Exercise details: Without changing a thing, reproduce the entire listing and leave out its pictures.

Data extract:
* * * * *

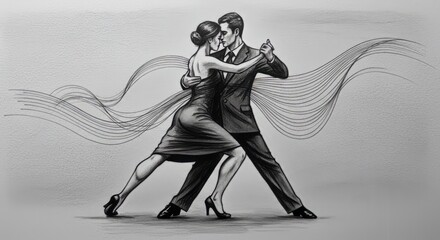 Pencil drawing of tango dancers, elegant and connected movements.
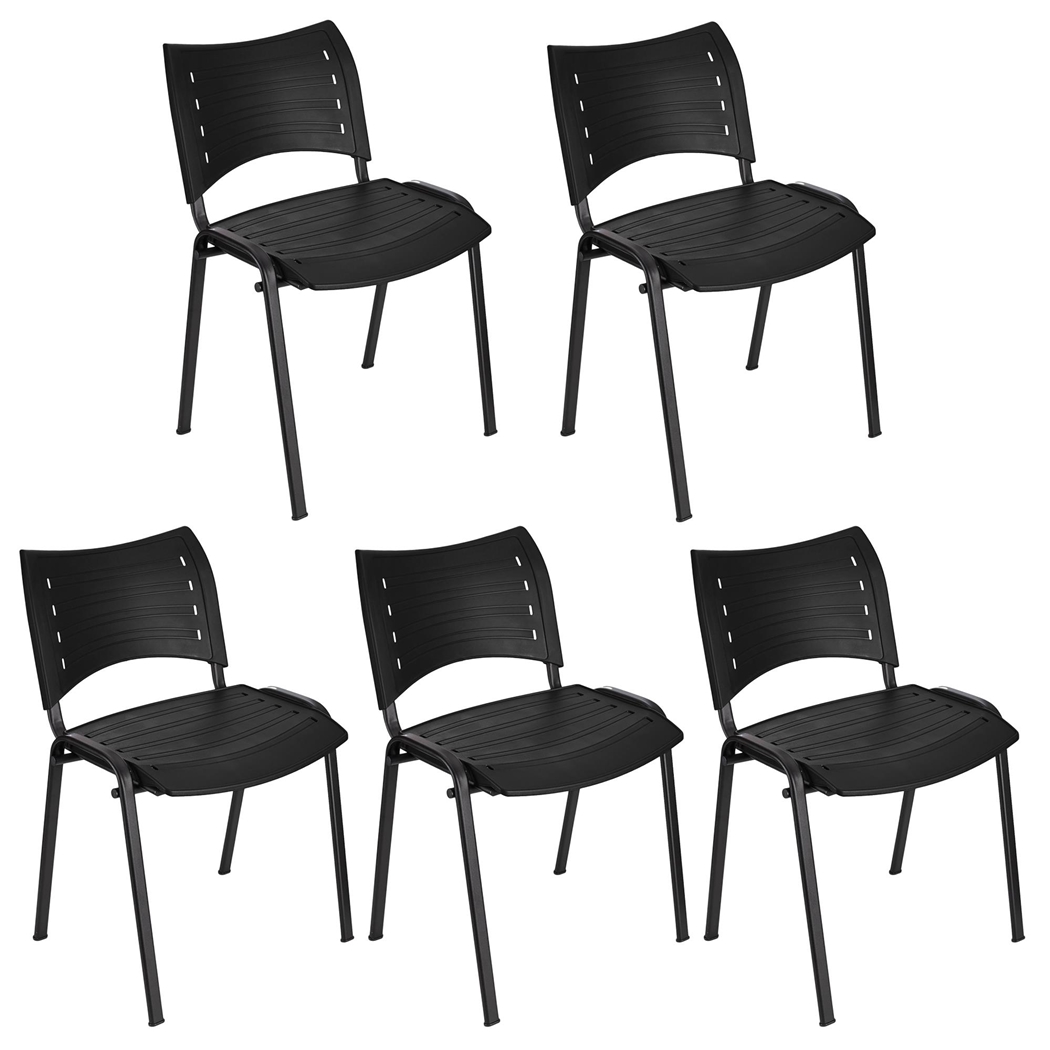 Zestaw 5 szt. Krzesła Konferencyjne ELVA, Sztaplowane i Bardzo Praktyczne, Wysoka Jakość, Czarne i Czarne Nogi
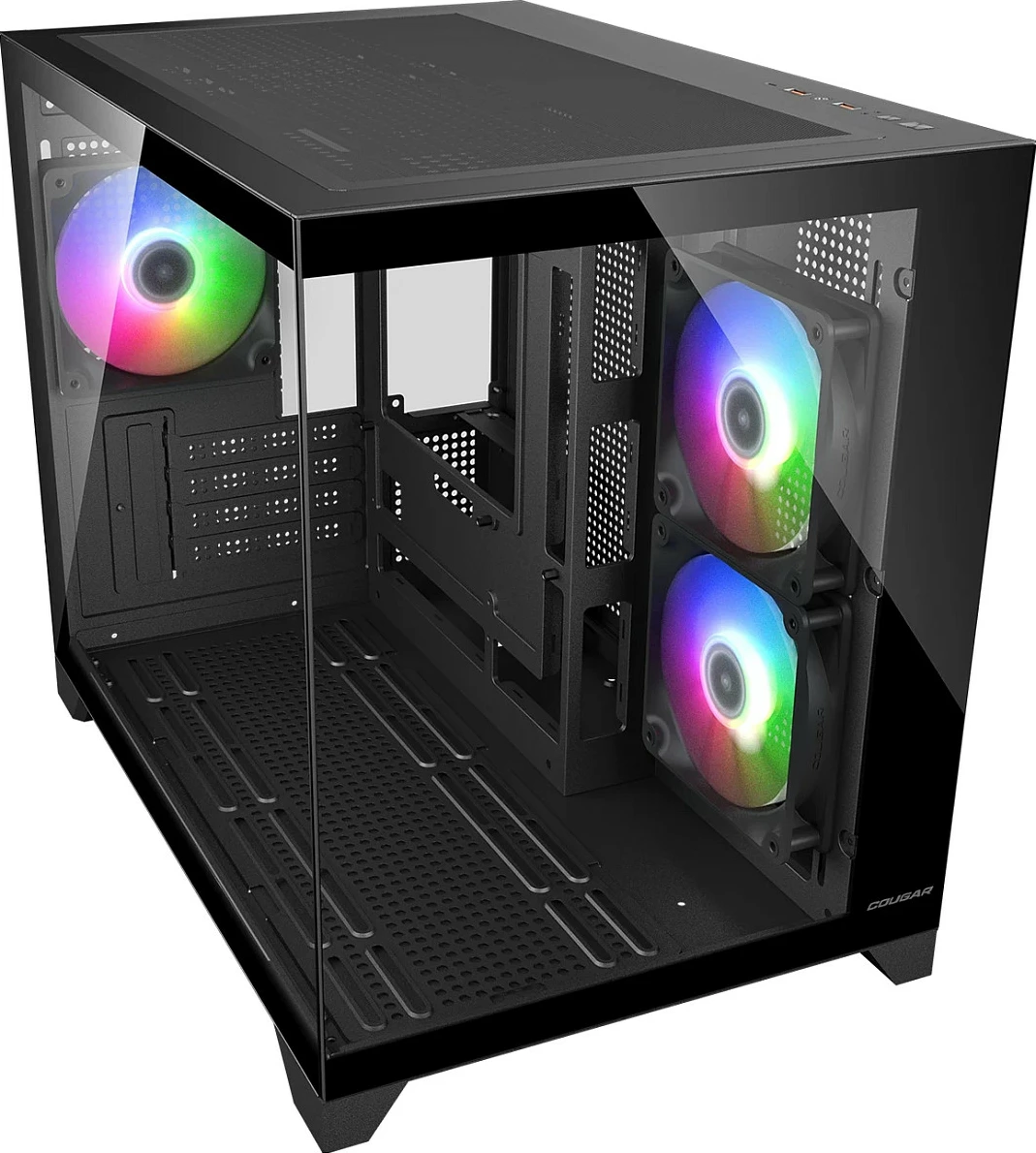 Kasë Cougar FV150 ARGB Mini Tower, micro ATX/Mini-ITX, xham i temperuar, e zezë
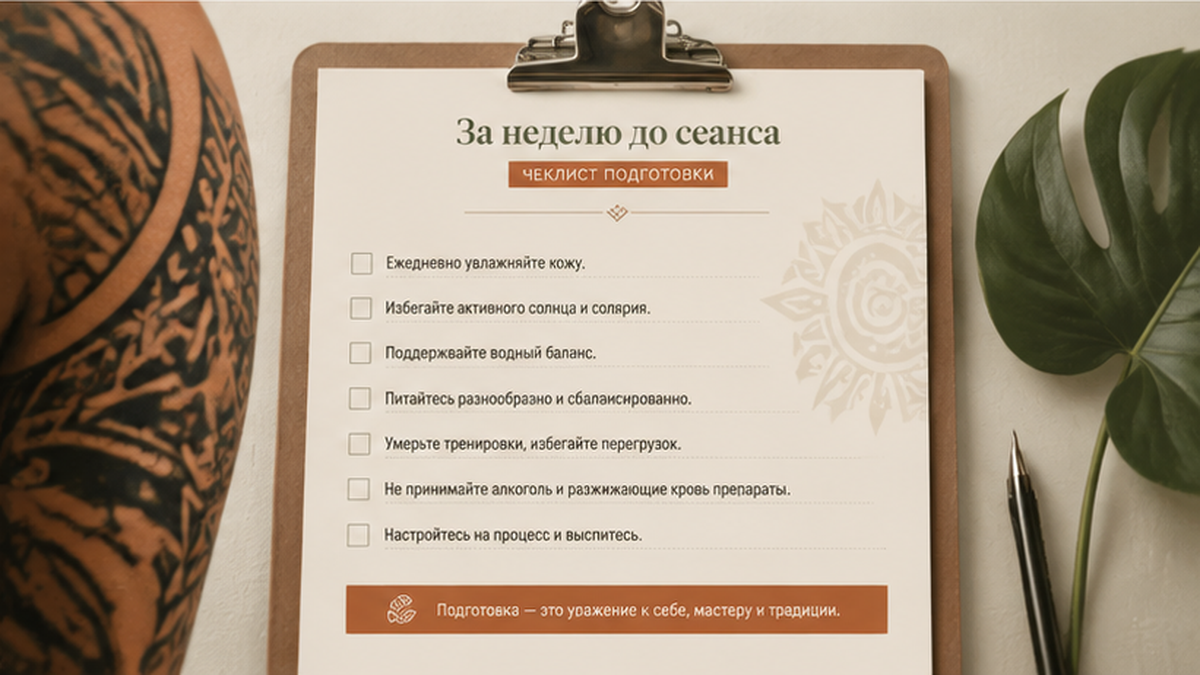 Чеклист перед сеансом / ухода: За неделю до сеанса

* * * * *

Task result:
 Pencil drawing of tango dancers, elegant and connected movements.
 Zestaw 5 szt. Krzesła Konferencyjne ELVA, Sztaplowane i Bardzo Praktyczne, Wysoka Jakość, Czarne i Czarne Nogi
 Kasë Cougar FV150 ARGB Mini Tower, micro ATX/Mini-ITX, xham i temperuar, e zezë
 Чеклист перед сеансом / ухода: За неделю до сеанса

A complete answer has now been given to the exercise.